— Task directions —
Transcribe the listing verbatim, please, with images dropped.
....
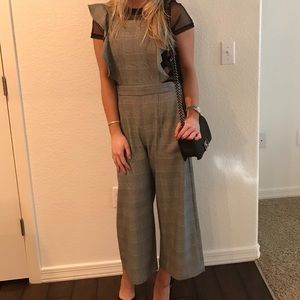 Top shop Houndstooth jumpsuit with ruffles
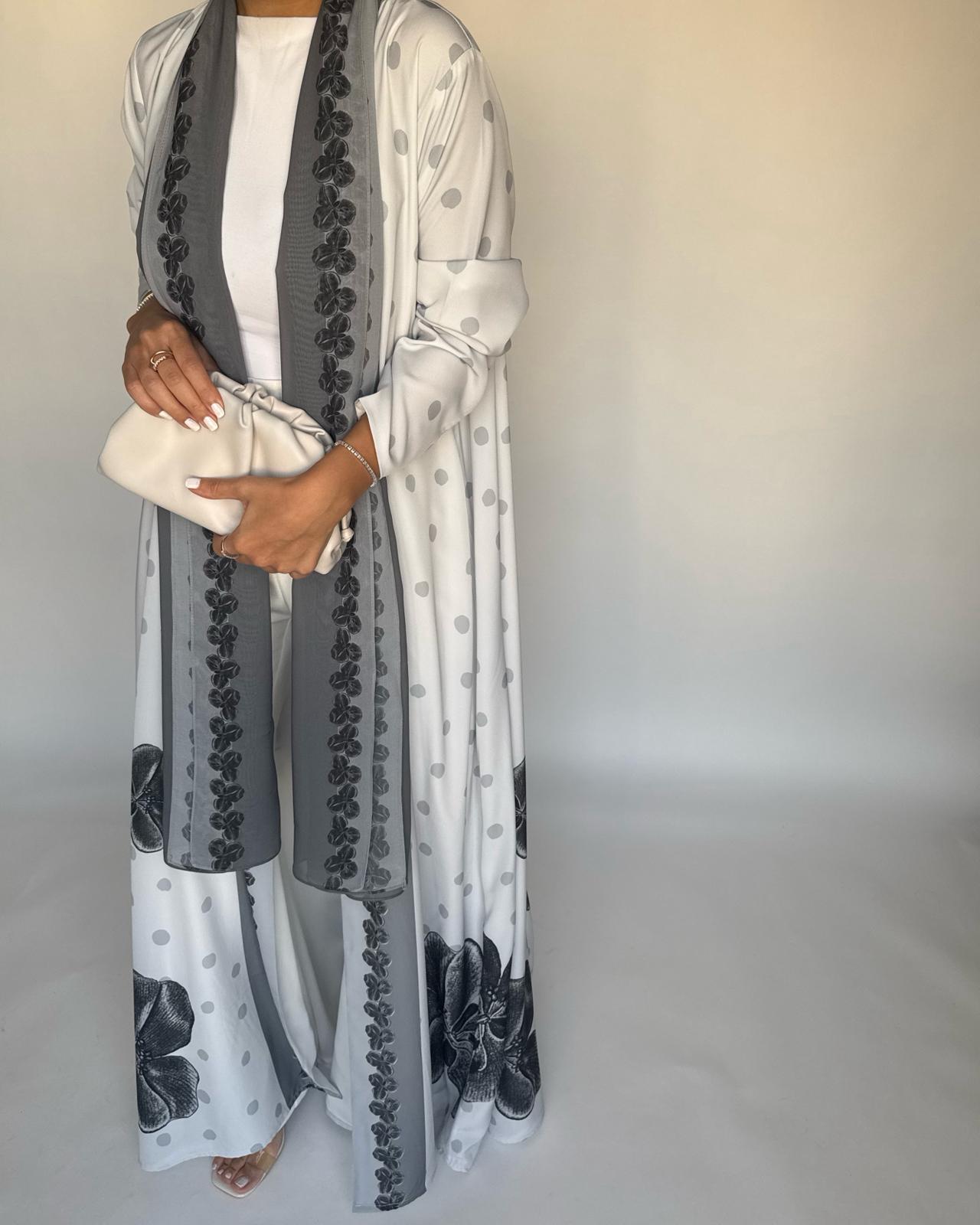 A467 - Gray Polka Dot Flower A-Cut Crepe Abaya with Matching Head Scarf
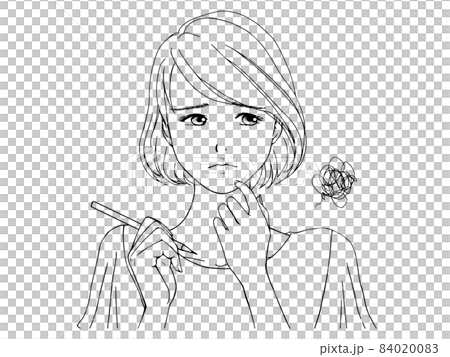 用鉛筆2（線描）的煩惱臉夏裝女 84020083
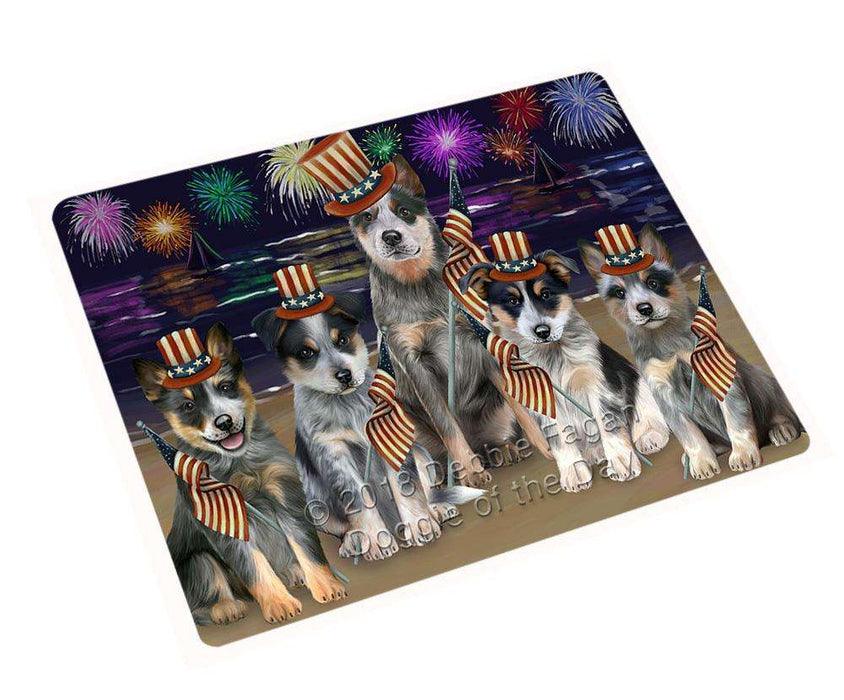 4th of July Independence Day Firework Blue Heelers Dog Cutting Board C60318
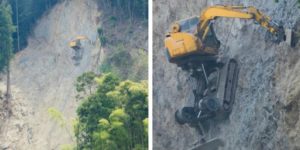 How diggers work on a mountain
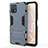 Coque Contour Silicone et Plastique Housse Etui Mat avec Support KC1 pour Vivo iQOO U3 5G Bleu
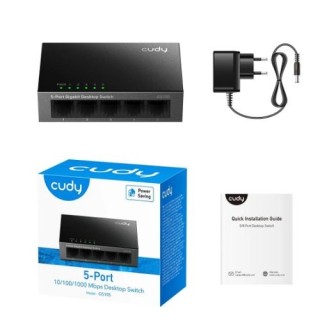 CUDY 5-PORT Gigabit metal switch 8 x 10/100/1000Mbps RJ45 ports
....
— Response to the exercise —
 Top shop Houndstooth jumpsuit with ruffles
 A467 - Gray Polka Dot Flower A-Cut Crepe Abaya with Matching Head Scarf
 用鉛筆2（線描）的煩惱臉夏裝女 84020083
 4th of July Independence Day Firework Blue Heelers Dog Cutting Board C60318
 How diggers work on a mountain
 Coque Contour Silicone et Plastique Housse Etui Mat avec Support KC1 pour Vivo iQOO U3 5G Bleu
 CUDY 5-PORT Gigabit metal switch 8 x 10/100/1000Mbps RJ45 ports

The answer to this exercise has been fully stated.